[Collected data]
===

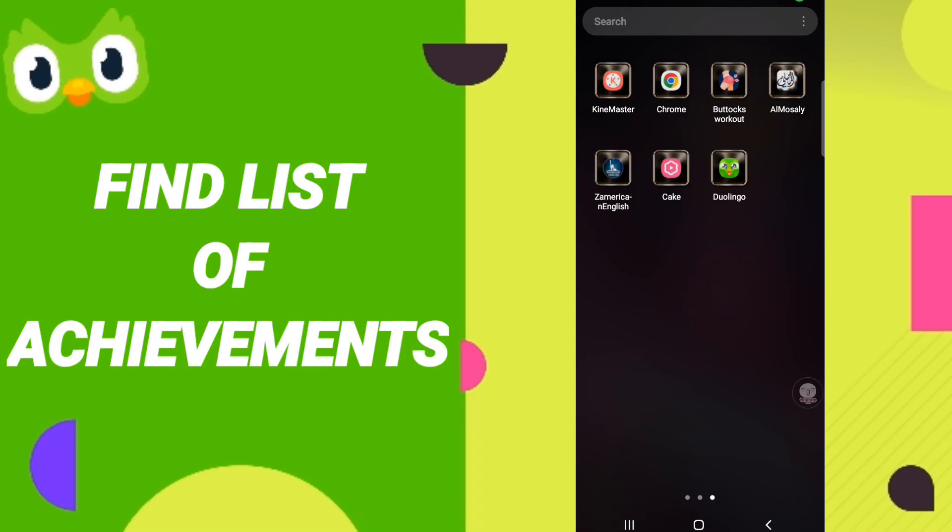Hi everyone, today we will talk about how to find the list of achievements on the Duolingo application.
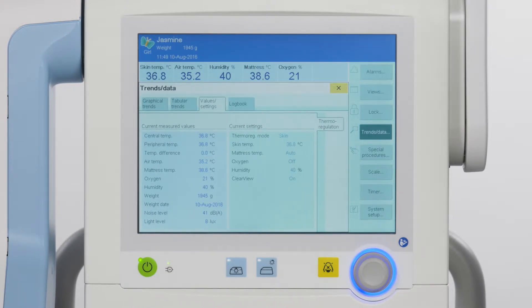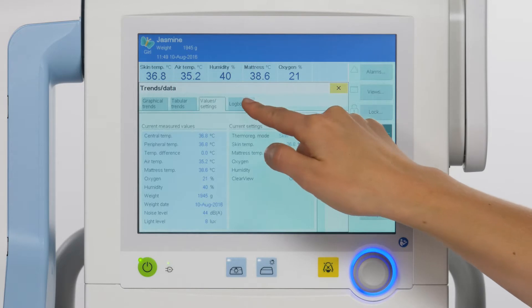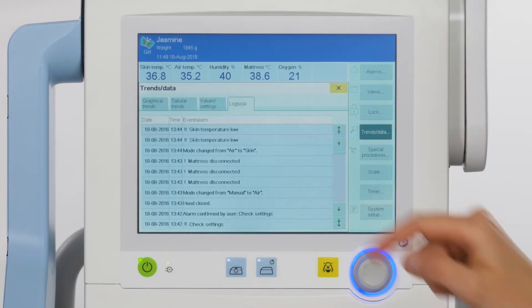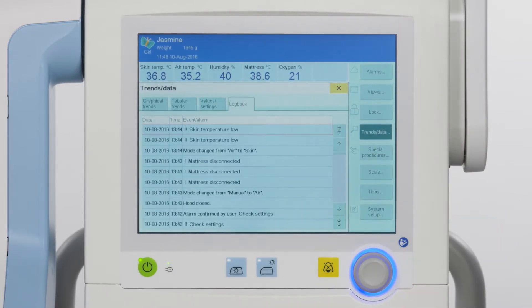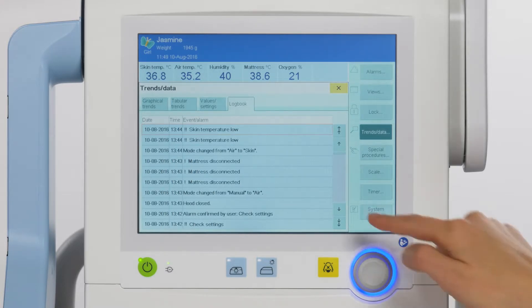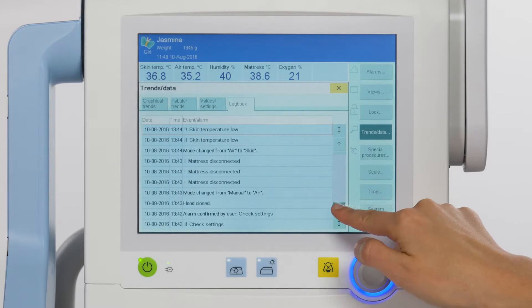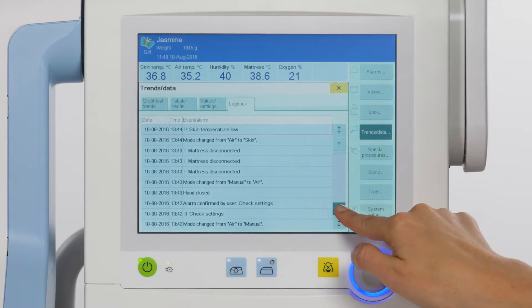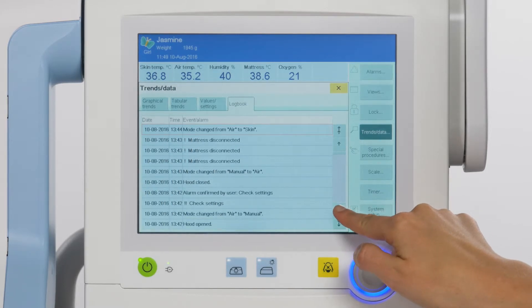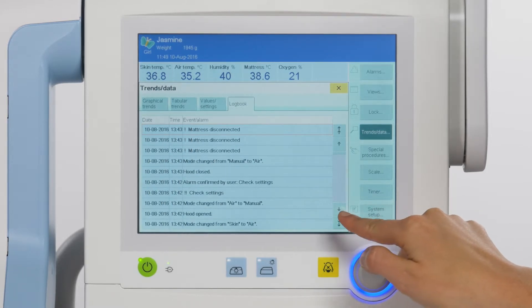The fourth tab is the logbook. The logbook tab displays all events and alarms in chronological order. The latest event or latest alarm will be seen at the top. Scroll to show earlier events and alarms using the arrow keys.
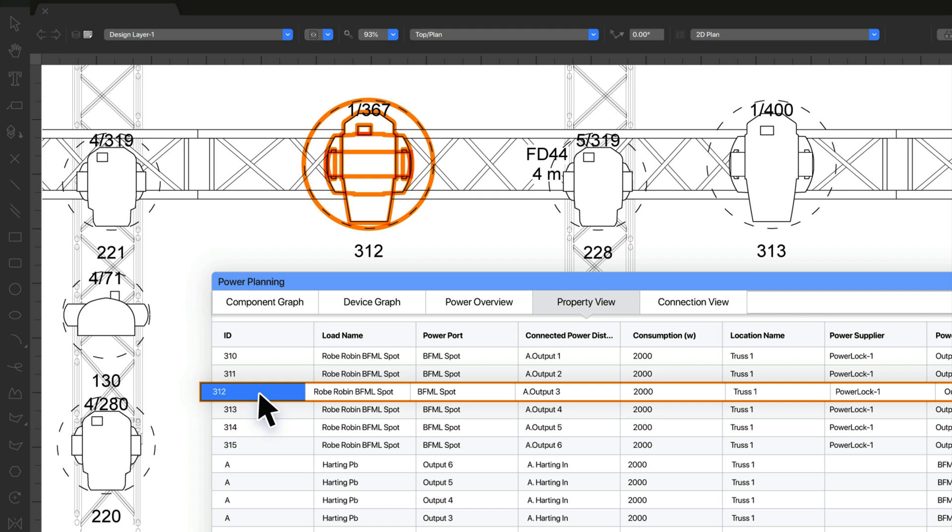Experience a faster cable planning process in Spotlight 2023. The new property view in the Power Planning palette will allow for easier selection and editing of objects in your model.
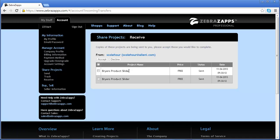We'll open up the Receive Projects panel, and we can click on the projects we want to accept, and they will be transferred to our account.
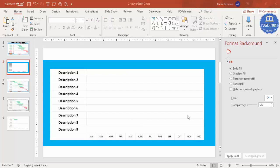Now I have the descriptions on the left and the months at the bottom — you can also place months at the top if preferred. The next step is to add bar lines showing which month each phase runs from and to.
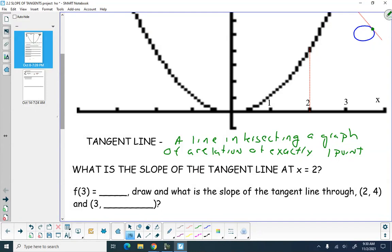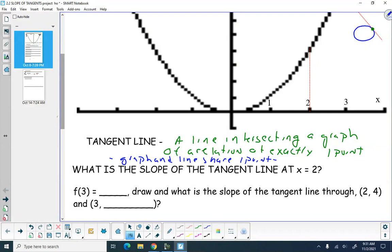So when you're talking about a tangent line, you're talking about a line intersecting a graph of a relation at exactly one point. Or we can think of it as the graph of a function and the line share one point in common. That point is called the point of tangency.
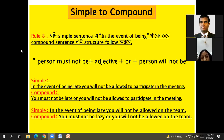In the event of being late, you won't be allowed to participate in the meeting. Third example: In the event of being careless, you won't be given the job.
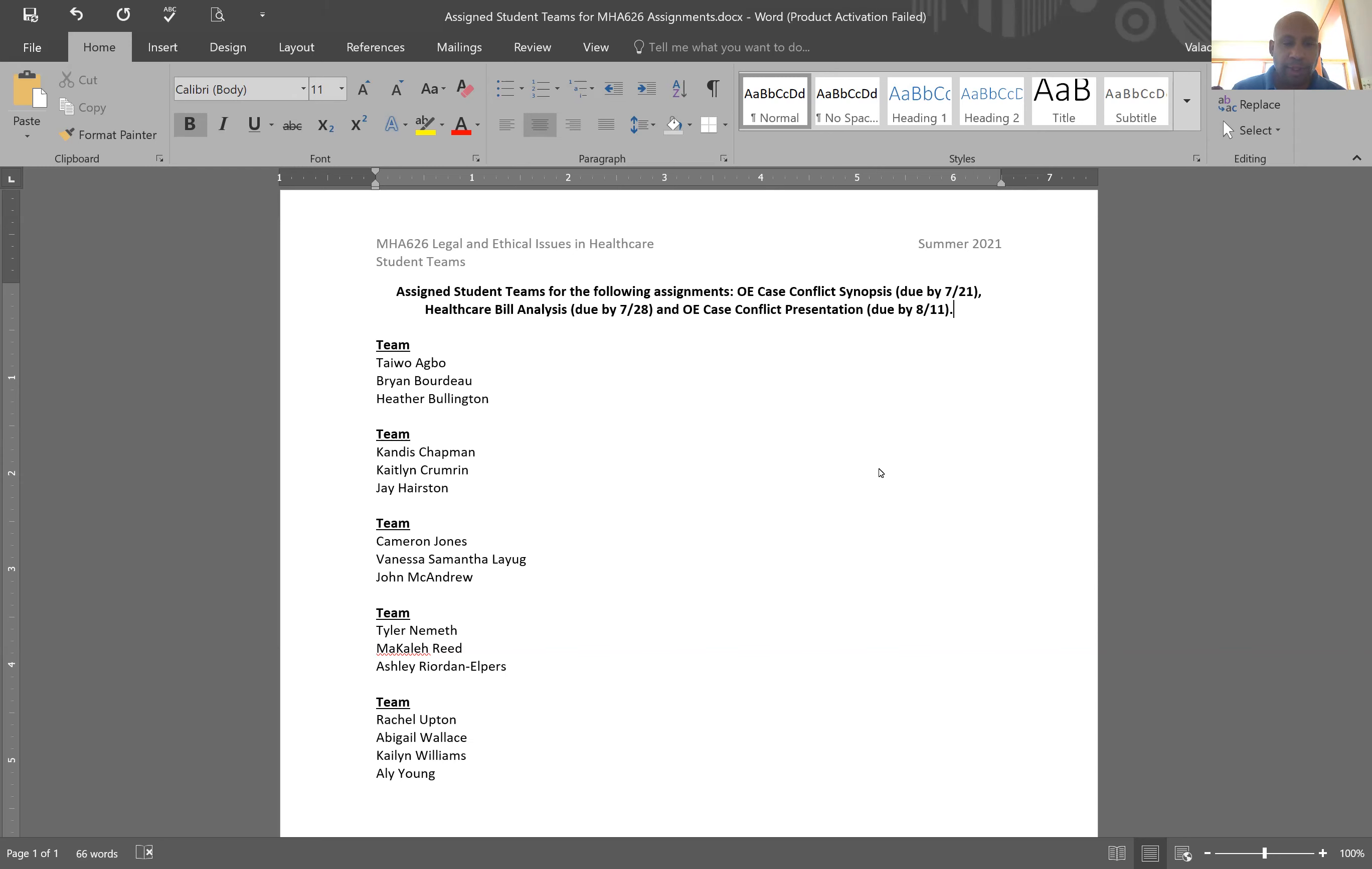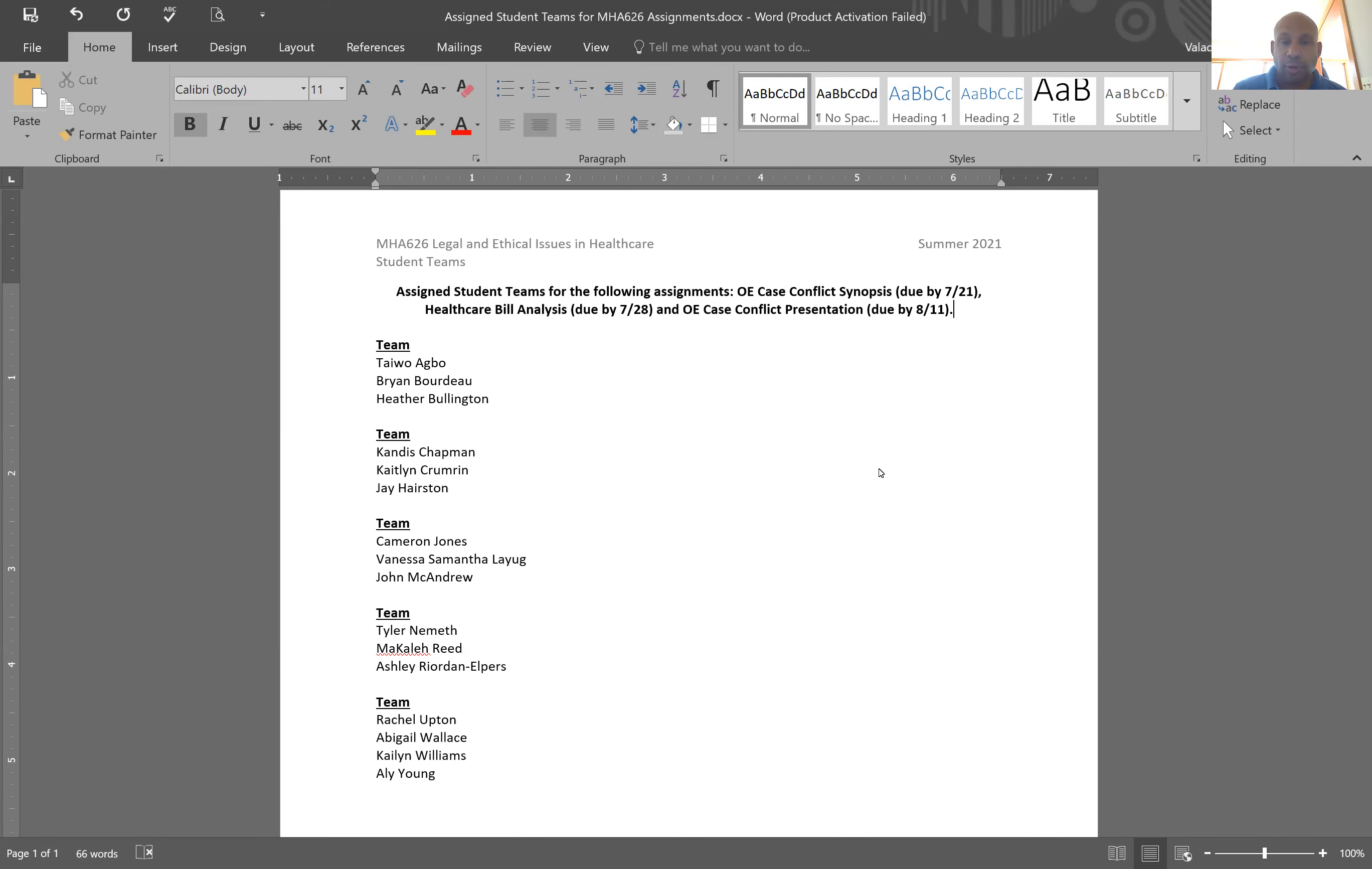I would also recommend that you perhaps take turns on your team, maybe taking the lead in a project. So one person might take the lead with the OE case conflict synopsis and they might switch to the next person who does the health care bill analysis takes the lead for that.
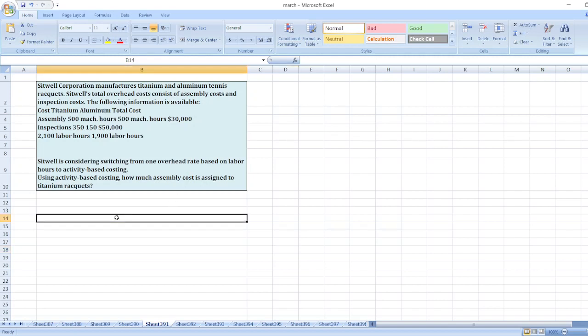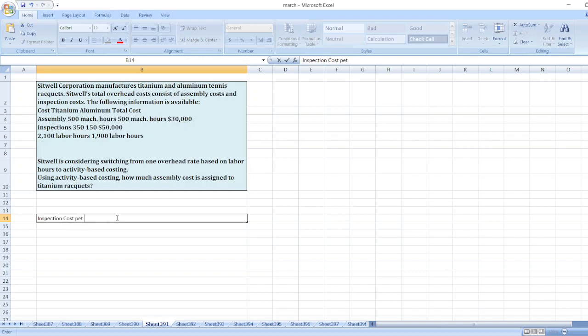First of all, we will calculate inspection cost per inspection. Total inspection cost is $50,000 divided by the number of inspections. Total number of inspections are 350 plus 150.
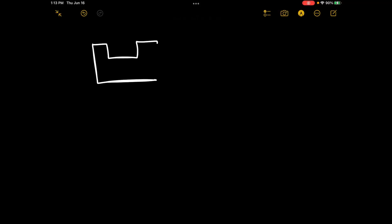So we look at the trend for atomic radius on a periodic table — atomic radius.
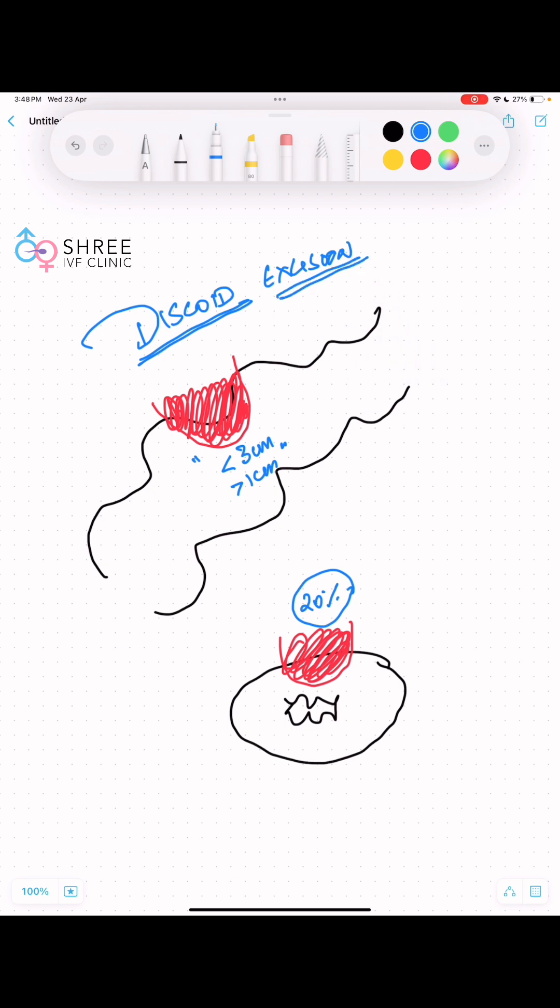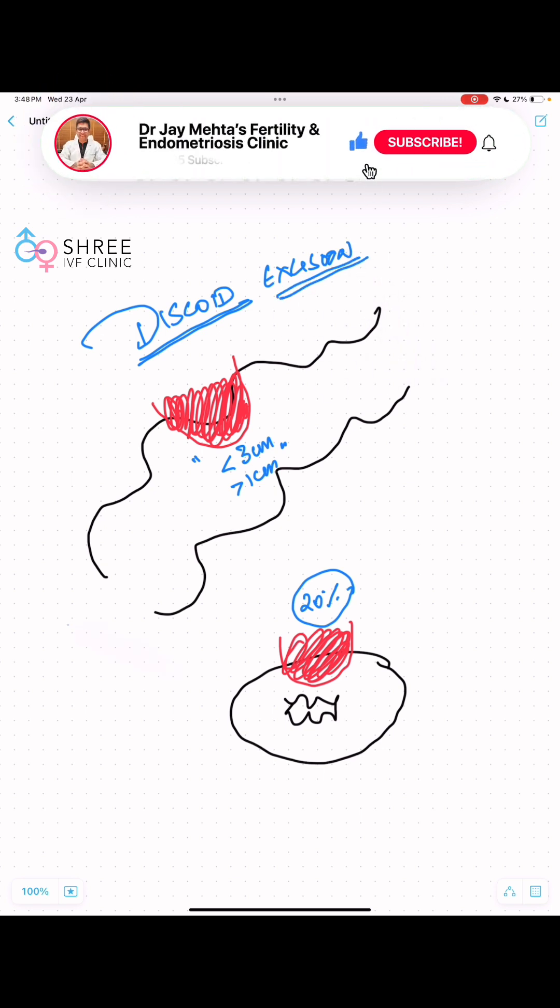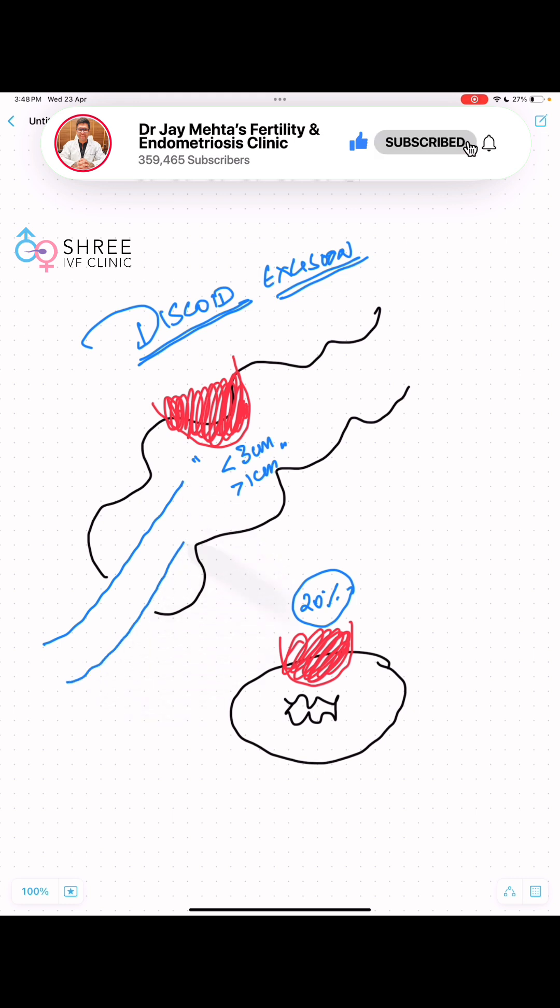Remember, you can't really let this nodule be inside. So how is a discoid excision done? A stapler gun is passed through the anal end. It's a circular stapler, so it goes inside and opens up like this, and then it absorbs this lesion inside and the gun closes.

===

Work item: Nothing but the lines from the first line of the data above through the line holding "I would also" may appear in the response, copied exactly and without pictures.

Response to this exercise:
Hi everyone, today we will talk about how to find the list of achievements on the Duolingo application.
The fourth tab is the logbook. The logbook tab displays all events and alarms in chronological order. The latest event or latest alarm will be seen at the top. Scroll to show earlier events and alarms using the arrow keys.
Experience a faster cable planning process in Spotlight 2023. The new property view in the Power Planning palette will allow for easier selection and editing of objects in your model.
We'll open up the Receive Projects panel, and we can click on the projects we want to accept, and they will be transferred to our account.
Now I have the descriptions on the left and the months at the bottom — you can also place months at the top if preferred. The next step is to add bar lines showing which month each phase runs from and to.
So when you're talking about a tangent line, you're talking about a line intersecting a graph of a relation at exactly one point. Or we can think of it as the graph of a function and the line share one point in common. That point is called the point of tangency.
In the event of being late, you won't be allowed to participate in the meeting. Third example: In the event of being careless, you won't be given the job.
I would also recommend that you perhaps take turns on your team, maybe taking the lead in a project. So one person might take the lead with the OE case conflict synopsis and they might switch to the next person who does the health care bill analysis takes the lead for that.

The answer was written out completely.